L’Eterno Padre arriva al Musée du Louvre. Sui giornali non si parla d’altro. Al dipinto è riservata una posizione prestigiosa, all’ingresso della grande Sala della Gioconda, nel cui portale absidato viene collocato l’affresco, ribattezzato Fresque de la Magliana.

Ma sin da subito c’è qualcosa che non torna. Ci sono immediate polemiche in merito alla genuinità dell’opera. È già allora diffusa una sensibilità artistica assai moderna, che porta a distinguere fra opere interamente condotte dal Maestro e “opere di scuola”, nelle quali il Maestro è l’ideatore del disegno ma la conduzione è affidata ad allievi.

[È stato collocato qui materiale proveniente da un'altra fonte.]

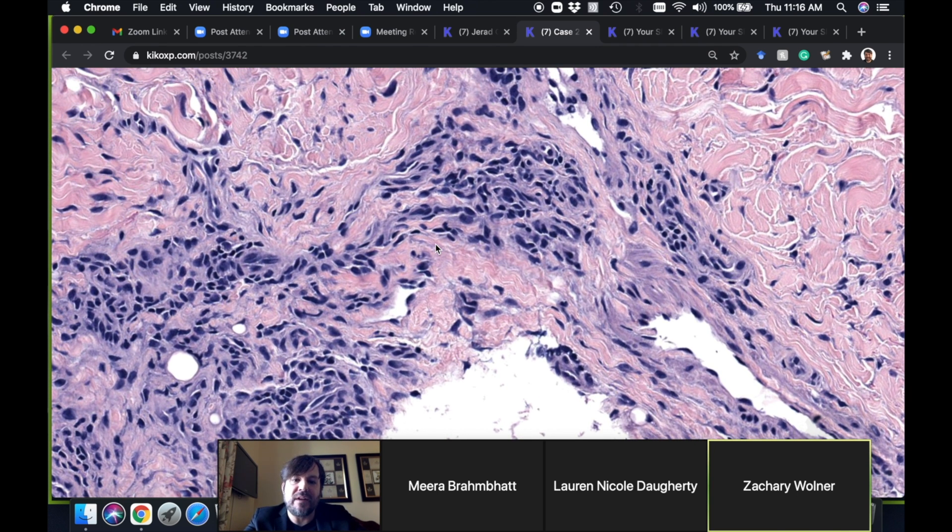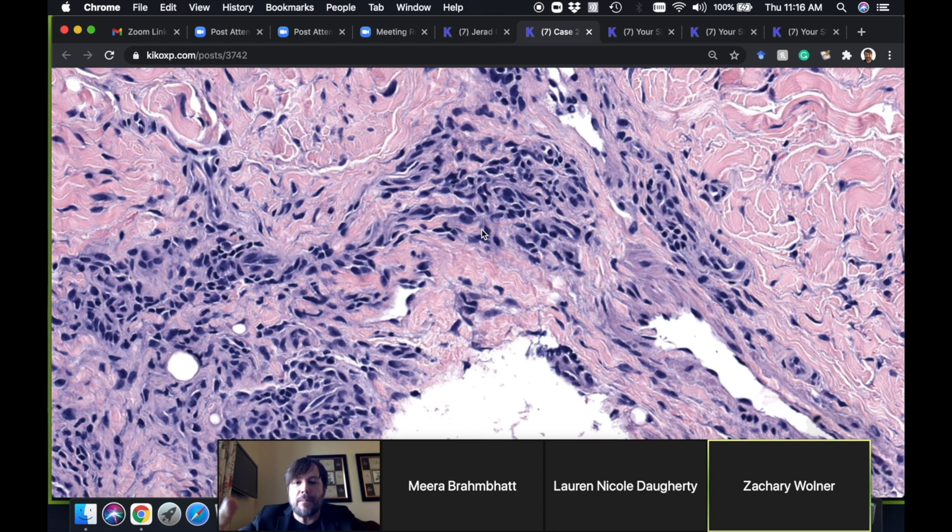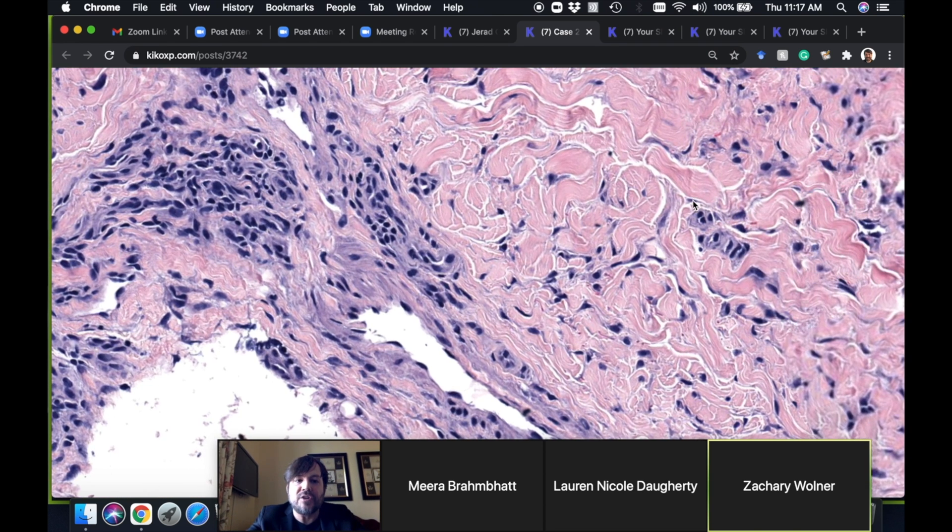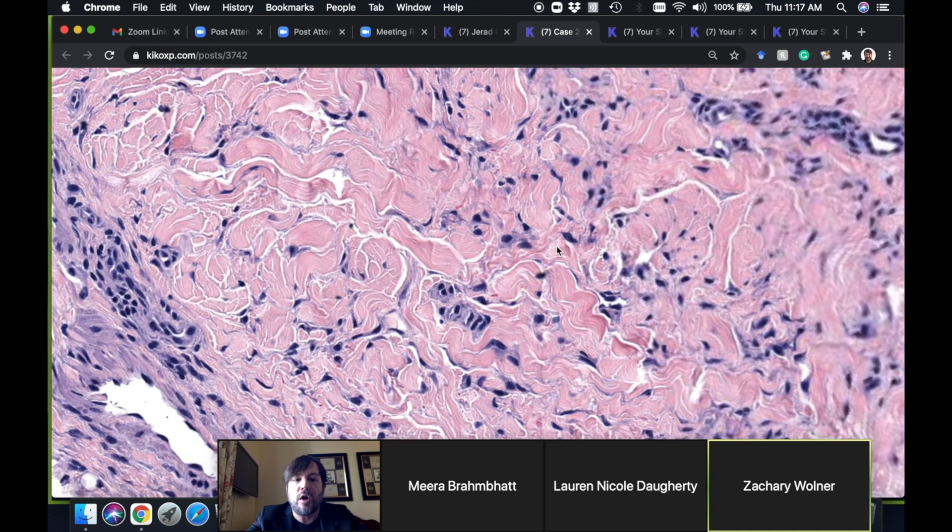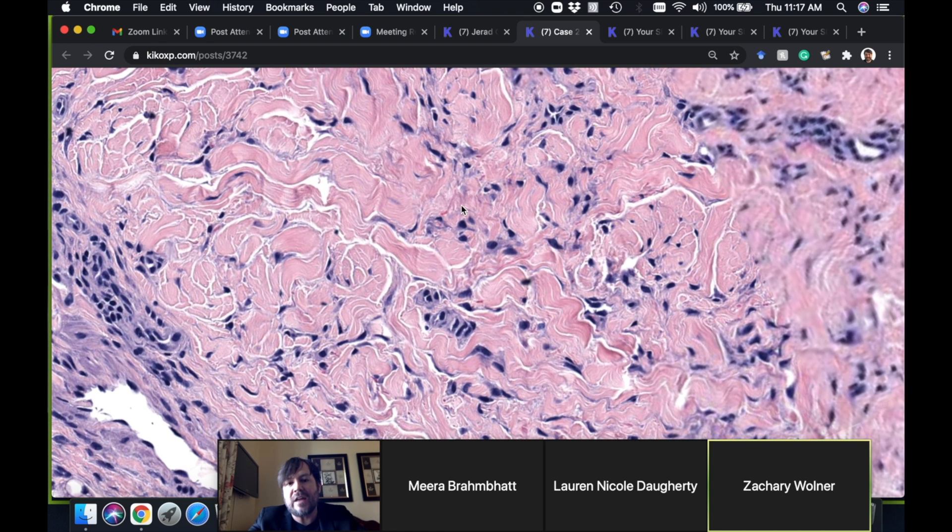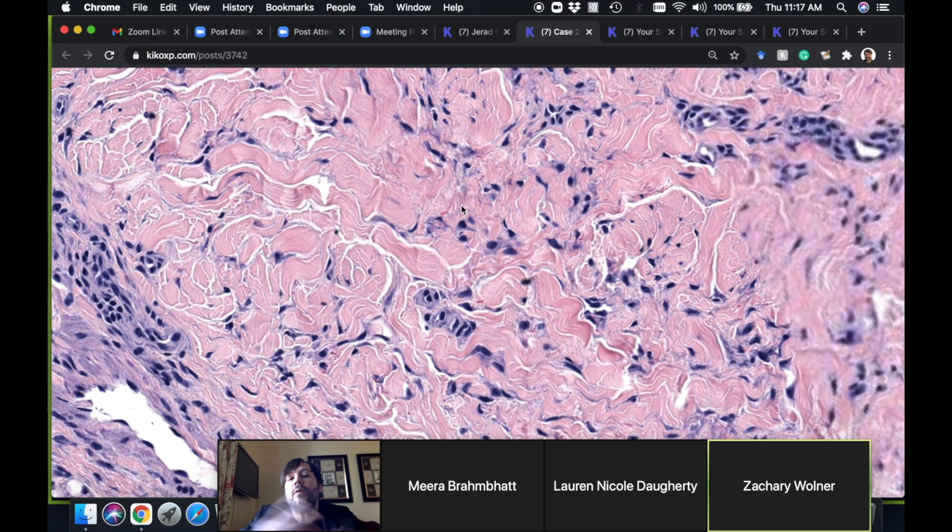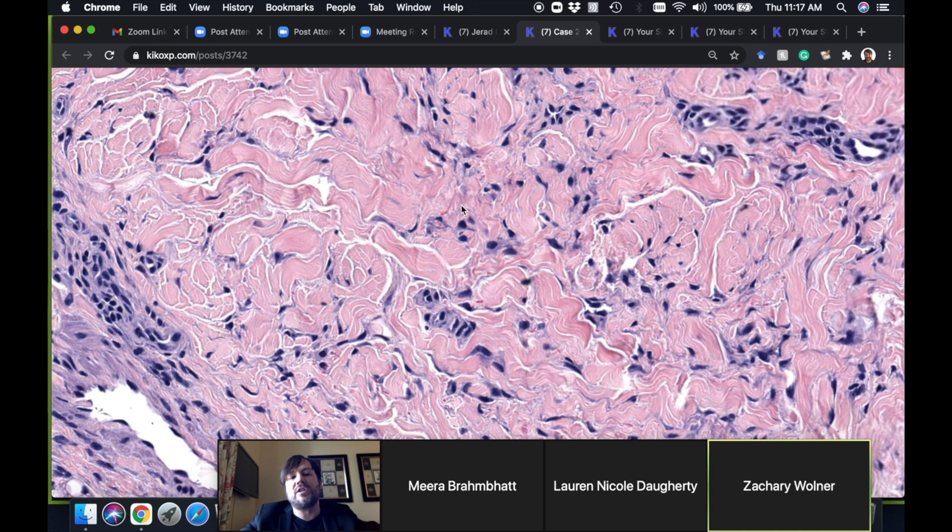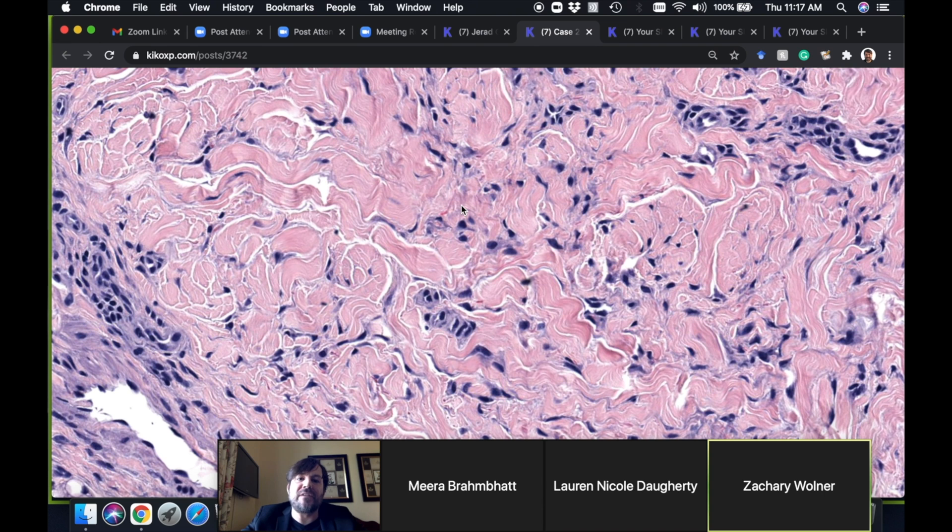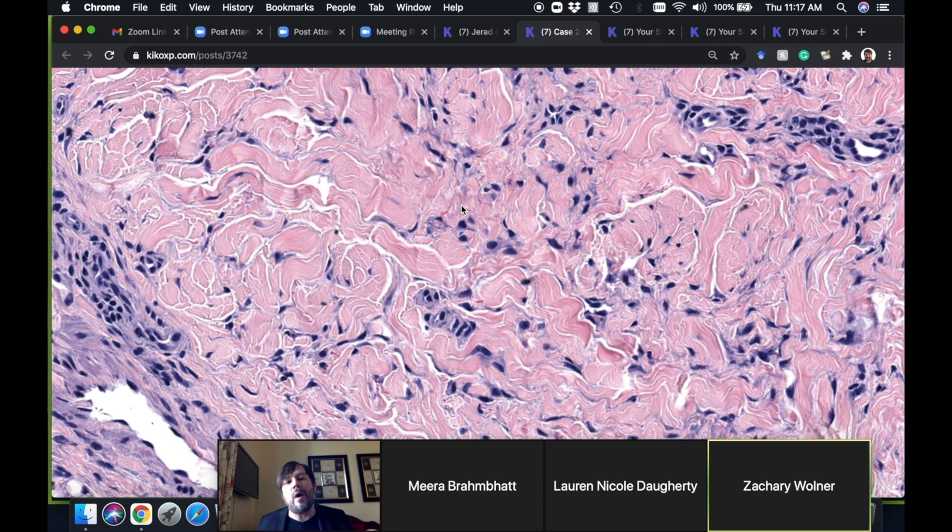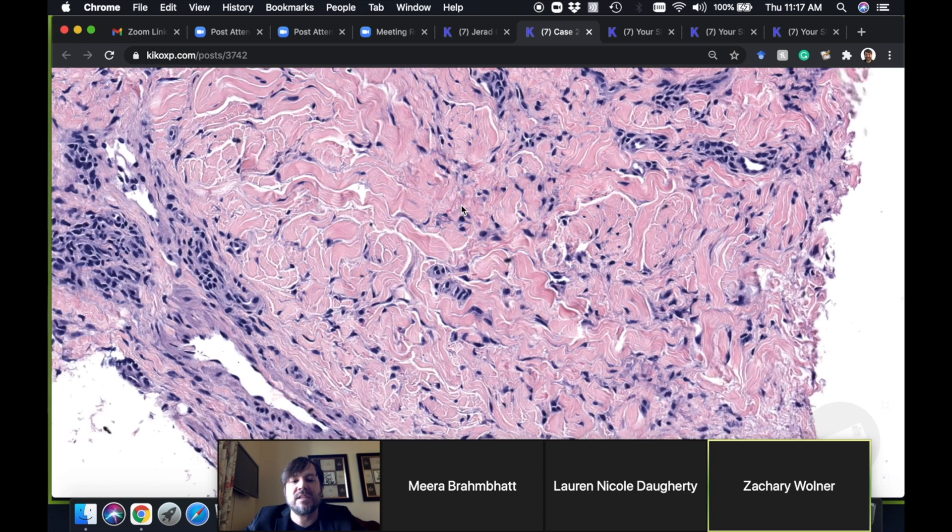When GA is completely composed of trickling histiocytes in between the collagen, we could say interstitial GA. But what I find much more often is that you just see interstitial areas at the edge of more well-formed classic granuloma annulare.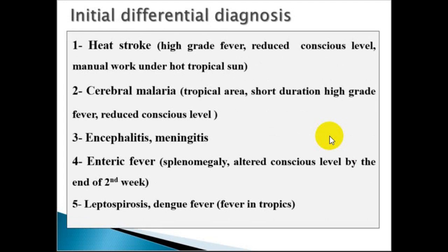In this tropical area, with a prolonged duration of high-grade fever and reduced conscious level, other causes to consider include encephalitis, meningitis, enteric fever, leptospirosis, and dengue fever.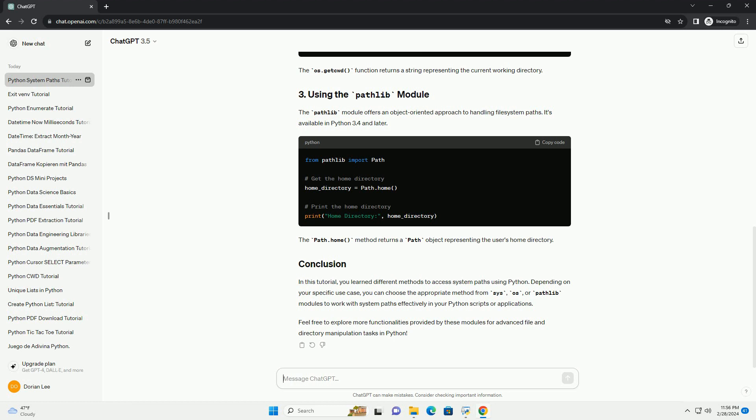In this tutorial, you learned different methods to access system paths using Python. Depending on your specific use case, you can choose the appropriate method from SYS, OS, or Pathlib modules to work with system paths effectively in your Python scripts or applications. Feel free to explore more functionalities provided by these modules for advanced file and directory manipulation tasks in Python.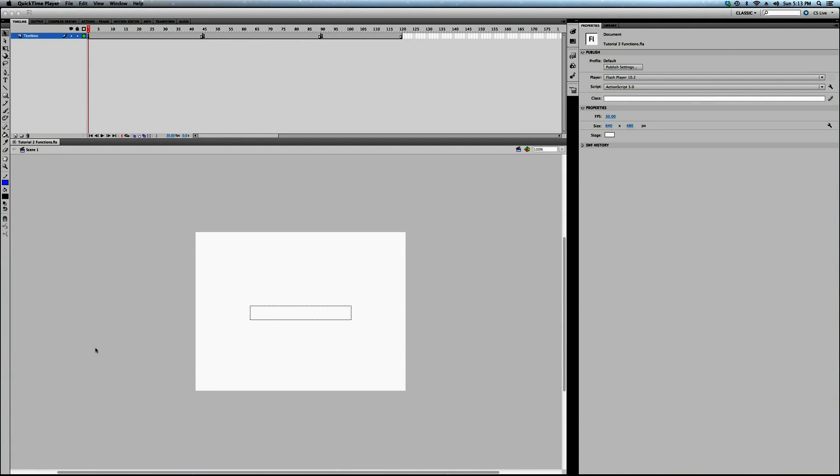Alright, so this is tutorial number two in our ActionScript for games series. I'm not going to have as long of an intro, I'll try not to bore you.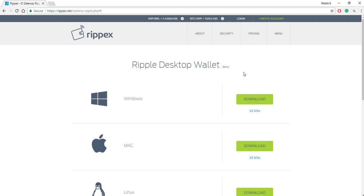The second step you need to take is hit the download button for whichever operating system you're using, whether that's Windows, Mac, Linux, and so on. I'm running Windows, and I already downloaded this, and to save us time, I've already set it up.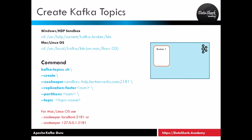Welcome back to DataShark Academy. In the previous lesson we started the ZooKeeper and Kafka servers on a local cluster which is running on our personal machine.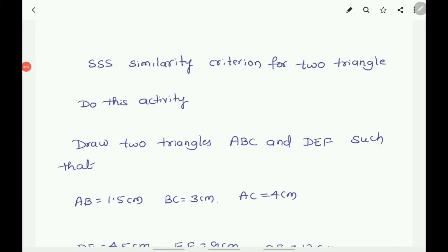Children, in the previous video, we discussed about the AAA similarity criterion for two triangles and also proved it. The question arises: what about the converse of the AAA similarity criterion? According to the AAA similarity criterion, if the corresponding angles of two triangles are equal, then their sides are in the same proportion. Here we have to verify that if the corresponding sides of two triangles are in the same ratio, whether the triangles are equiangular or similar.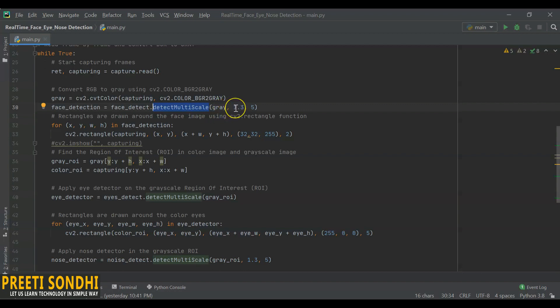Since some cases may be closer to the camera, they would appear bigger than the faces in the back, or similarly with eyes and nose. The scale factor will compensate for this. And the third argument is min neighbors. It defines how many objects are detected near the current one before it declares the face or nose or eye found.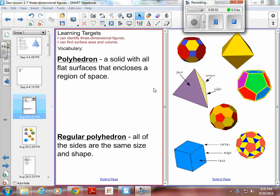Geometry, Chapter 1, Section 7 — the last section for the chapter. In this one, there are 15 vocabulary words. We're going to go over all 15 words. Some of these words are more important than others, so let's just get started.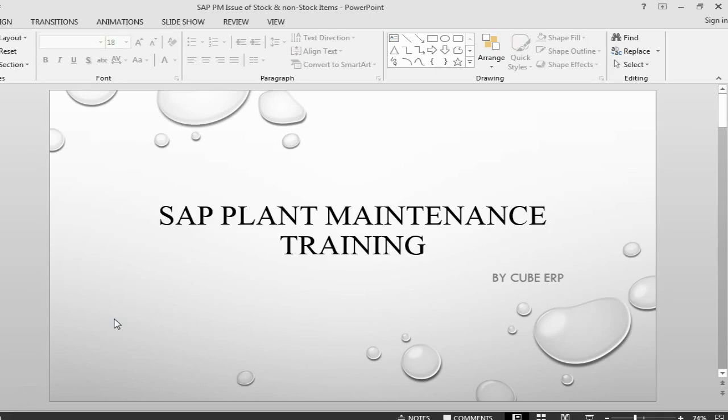Hello and welcome back to SAP Planned maintenance training. This is Farukh from QBRP. In the last session we did a goods issue of a non-stock item and in this session we are going to do a goods issue of a stock item.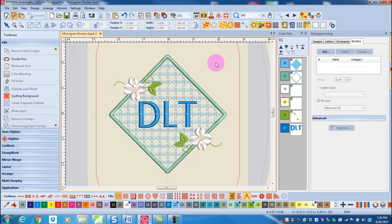I hope you have lots of fun creating monograms in Bernina Software 8.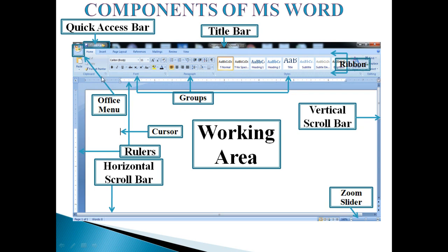Next is the Office Menu or File Tab. The File Tab and Office Menu is placed at the upper left corner of the Word window. We can create, open, save, and print a file by selecting the File Tab or Office Menu. Next is the Ruler. The horizontal ruler is placed at the top of the document window and measures the width of the document page. The vertical ruler measures the height of the working area.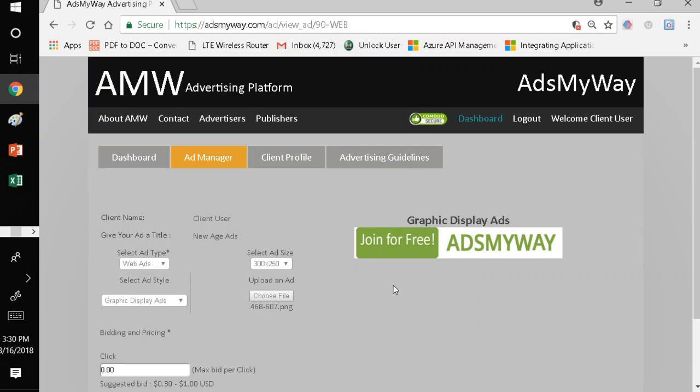That's how you create ads on AdsMyWay. It's very simple. You're basically just uploading an existing ad that was created for you by your graphic designer. You attach how much you want to pay per click. The impression is fixed. And you put it up there and you save it. When I get ready to run my campaign, that ad is there for me to select and to use to run my campaign.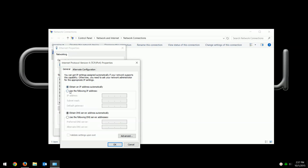If we clicked on 'Use the following IP address' and typed in all the information, then we would not be using DHCP, and instead we would be using static addresses.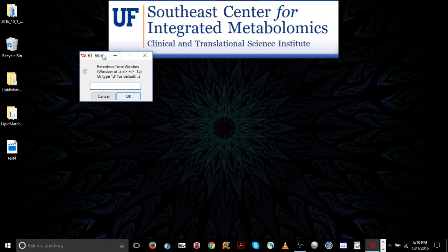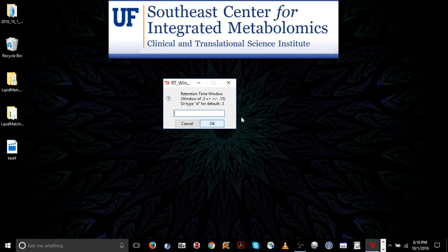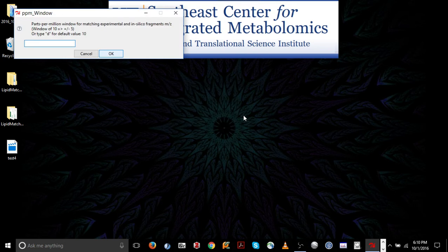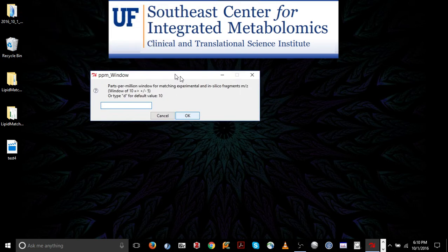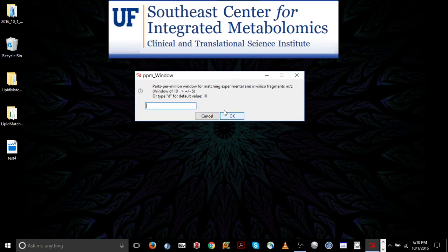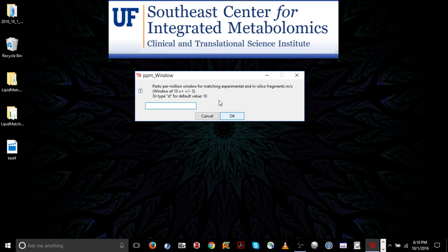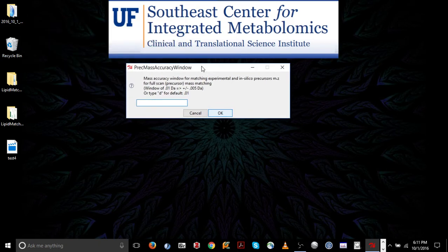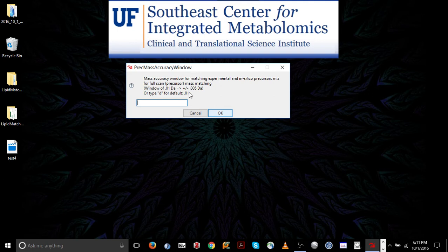Now there's a retention time window parameter. This is the retention time window in which you'll find MSMS scans under your features for identification, and it's based on the width of your peaks in chromatographic peaks. So here I'm going to go default for plus or minus 1.15 minutes. And then there's the parts per million window, which is for matching fragmentation to the in silico fragment masses. So here I use plus or minus 5 ppm, which is based on a 35,000 resolution using an Orbitrap mass spectrometer. Now, for the mass accuracy window for precursor ion searching, it's in Daltons, so it's plus or minus 0.005 is the default, although, as in any of these parameters, you could enter in any value you want. I'm going to go for default.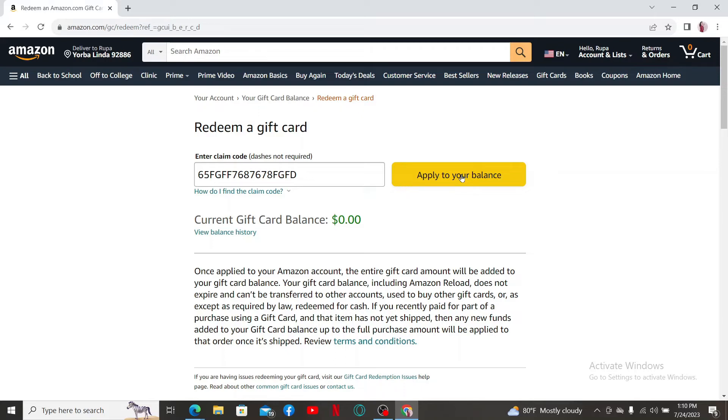The value of the game code will then be added to your Amazon account and you can use it to purchase games or other items on the platform. That is how you can easily redeem an Amazon game code, quick and easy.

Intanto arrivano altre expertise. Quella dell’italiano Gnoli è impietosa e definisce il dipinto “una povera cosa, difettosa nel disegno, con scorci falsi, tinte tenui e diluite”. Gnoli forse esagera – il tocco di Raffaello c’è, e si vede – ma l’opera, concludono altri critici, non vale comunque più di un quarto di quello che è stata pagata. Il presidente francese è accusato di sperpero di denaro pubblico. È costretto a dimettersi.

Per quella somma astronomica, comunque, lo Stato francese ha acquistato anche i frammenti del Martirio di Santa Cecilia, l’opera devastata dal fattore Vitelli. Lo Stato francese li affida a un onesto restauratore, che rimette insieme i pezzi e reintegra le parti mancanti. Oggi l’opera si trova al Musée des Beaux arts di Narbonne, nel sud francese.

Le due lunette di Annunciazione e Visitazione scompaiono invece dalla Magliana in circostanze misteriose. Ricompaiono nel 1947 nella cittadina lombarda di Lora (Como), nella Cappella Grassi dell’Opera Don Guanella. Si deve alla studiosa Fausta Gualdi-Sabatini, nel 1983, di averle riconosciute.

I dieci quadranti di Apollo e le Muse, venduti nel 1875 al Comune di Roma, vengono collocati nel 1952 nel nuovo Museo di Roma a Palazzo Braschi, in una sala delle stesse misure del Salone delle Muse. Negli anni a seguire, purtroppo, si deciderà di smantellare questo ingombrante allestimento. Le opere oggi giacciono in magazzino.

Alla Magliana dunque oggi non resta più nulla di quelle nobili pitture. In anni recenti la sensibilità del cappellano Don Gabriele Fedriga, con il sostegno della fondazione Manzetti, ha portato a ricollocare nel castello della Magliana delle copie fotografiche delle opere disperse. Nel 2016 il pittore Stefano Lucà ha realizzato a fresco, nell’abside della cappellina del Battista, una copia fedele dell’Eterno Padre. L’Eterno Padre è tornato ora a guardare con occhi benevoli la sua Magliana.